▸ **DATA TO USE**
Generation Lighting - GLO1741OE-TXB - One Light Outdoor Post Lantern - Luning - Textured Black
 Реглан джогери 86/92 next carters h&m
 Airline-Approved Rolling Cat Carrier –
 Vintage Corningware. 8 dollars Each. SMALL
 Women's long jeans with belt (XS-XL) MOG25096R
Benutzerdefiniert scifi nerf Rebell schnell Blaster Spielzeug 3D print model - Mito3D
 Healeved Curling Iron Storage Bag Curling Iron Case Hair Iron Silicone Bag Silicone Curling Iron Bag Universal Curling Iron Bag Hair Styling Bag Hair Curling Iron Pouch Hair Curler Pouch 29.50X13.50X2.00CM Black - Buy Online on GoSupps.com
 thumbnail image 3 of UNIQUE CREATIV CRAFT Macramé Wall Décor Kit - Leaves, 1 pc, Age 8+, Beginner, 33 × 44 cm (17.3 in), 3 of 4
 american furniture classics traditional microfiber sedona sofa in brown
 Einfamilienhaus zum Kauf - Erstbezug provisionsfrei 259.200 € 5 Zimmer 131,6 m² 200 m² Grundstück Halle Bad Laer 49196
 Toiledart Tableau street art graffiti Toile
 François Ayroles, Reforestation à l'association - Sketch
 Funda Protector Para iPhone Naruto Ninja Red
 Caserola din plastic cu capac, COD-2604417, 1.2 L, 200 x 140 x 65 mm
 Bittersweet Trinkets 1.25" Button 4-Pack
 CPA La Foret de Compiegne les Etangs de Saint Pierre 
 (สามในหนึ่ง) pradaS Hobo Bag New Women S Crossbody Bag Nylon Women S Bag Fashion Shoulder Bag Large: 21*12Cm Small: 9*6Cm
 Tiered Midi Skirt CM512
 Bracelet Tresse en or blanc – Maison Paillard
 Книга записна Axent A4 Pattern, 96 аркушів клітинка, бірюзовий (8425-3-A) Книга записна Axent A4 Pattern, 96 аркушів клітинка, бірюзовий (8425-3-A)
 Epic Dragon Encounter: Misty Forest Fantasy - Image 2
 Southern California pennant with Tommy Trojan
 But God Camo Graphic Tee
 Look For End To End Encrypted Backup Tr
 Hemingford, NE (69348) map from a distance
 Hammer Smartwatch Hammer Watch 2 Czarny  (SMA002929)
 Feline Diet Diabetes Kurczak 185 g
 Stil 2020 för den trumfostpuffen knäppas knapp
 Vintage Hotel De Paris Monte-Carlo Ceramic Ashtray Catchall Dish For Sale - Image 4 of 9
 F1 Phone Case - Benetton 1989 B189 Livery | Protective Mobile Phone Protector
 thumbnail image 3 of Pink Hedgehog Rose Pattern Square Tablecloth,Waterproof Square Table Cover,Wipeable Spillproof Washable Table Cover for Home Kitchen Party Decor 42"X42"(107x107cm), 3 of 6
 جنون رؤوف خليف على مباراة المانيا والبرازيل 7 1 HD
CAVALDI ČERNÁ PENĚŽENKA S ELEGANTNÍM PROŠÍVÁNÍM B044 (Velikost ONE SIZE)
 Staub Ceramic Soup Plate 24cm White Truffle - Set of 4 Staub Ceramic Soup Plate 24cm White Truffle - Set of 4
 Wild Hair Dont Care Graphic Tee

▸ **TASK INSTRUCTIONS**
All lines from the one containing "Healeved Curling Iron" down to the final line above are to be restated word for word; leave out the rest.

▸ **FINAL ANSWER**
 Healeved Curling Iron Storage Bag Curling Iron Case Hair Iron Silicone Bag Silicone Curling Iron Bag Universal Curling Iron Bag Hair Styling Bag Hair Curling Iron Pouch Hair Curler Pouch 29.50X13.50X2.00CM Black - Buy Online on GoSupps.com
 thumbnail image 3 of UNIQUE CREATIV CRAFT Macramé Wall Décor Kit - Leaves, 1 pc, Age 8+, Beginner, 33 × 44 cm (17.3 in), 3 of 4
 american furniture classics traditional microfiber sedona sofa in brown
 Einfamilienhaus zum Kauf - Erstbezug provisionsfrei 259.200 € 5 Zimmer 131,6 m² 200 m² Grundstück Halle Bad Laer 49196
 Toiledart Tableau street art graffiti Toile
 François Ayroles, Reforestation à l'association - Sketch
 Funda Protector Para iPhone Naruto Ninja Red
 Caserola din plastic cu capac, COD-2604417, 1.2 L, 200 x 140 x 65 mm
 Bittersweet Trinkets 1.25" Button 4-Pack
 CPA La Foret de Compiegne les Etangs de Saint Pierre 
 (สามในหนึ่ง) pradaS Hobo Bag New Women S Crossbody Bag Nylon Women S Bag Fashion Shoulder Bag Large: 21*12Cm Small: 9*6Cm
 Tiered Midi Skirt CM512
 Bracelet Tresse en or blanc – Maison Paillard
 Книга записна Axent A4 Pattern, 96 аркушів клітинка, бірюзовий (8425-3-A) Книга записна Axent A4 Pattern, 96 аркушів клітинка, бірюзовий (8425-3-A)
 Epic Dragon Encounter: Misty Forest Fantasy - Image 2
 Southern California pennant with Tommy Trojan
 But God Camo Graphic Tee
 Look For End To End Encrypted Backup Tr
 Hemingford, NE (69348) map from a distance
 Hammer Smartwatch Hammer Watch 2 Czarny  (SMA002929)
 Feline Diet Diabetes Kurczak 185 g
 Stil 2020 för den trumfostpuffen knäppas knapp
 Vintage Hotel De Paris Monte-Carlo Ceramic Ashtray Catchall Dish For Sale - Image 4 of 9
 F1 Phone Case - Benetton 1989 B189 Livery | Protective Mobile Phone Protector
 thumbnail image 3 of Pink Hedgehog Rose Pattern Square Tablecloth,Waterproof Square Table Cover,Wipeable Spillproof Washable Table Cover for Home Kitchen Party Decor 42"X42"(107x107cm), 3 of 6
 جنون رؤوف خليف على مباراة المانيا والبرازيل 7 1 HD
CAVALDI ČERNÁ PENĚŽENKA S ELEGANTNÍM PROŠÍVÁNÍM B044 (Velikost ONE SIZE)
 Staub Ceramic Soup Plate 24cm White Truffle - Set of 4 Staub Ceramic Soup Plate 24cm White Truffle - Set of 4
 Wild Hair Dont Care Graphic Tee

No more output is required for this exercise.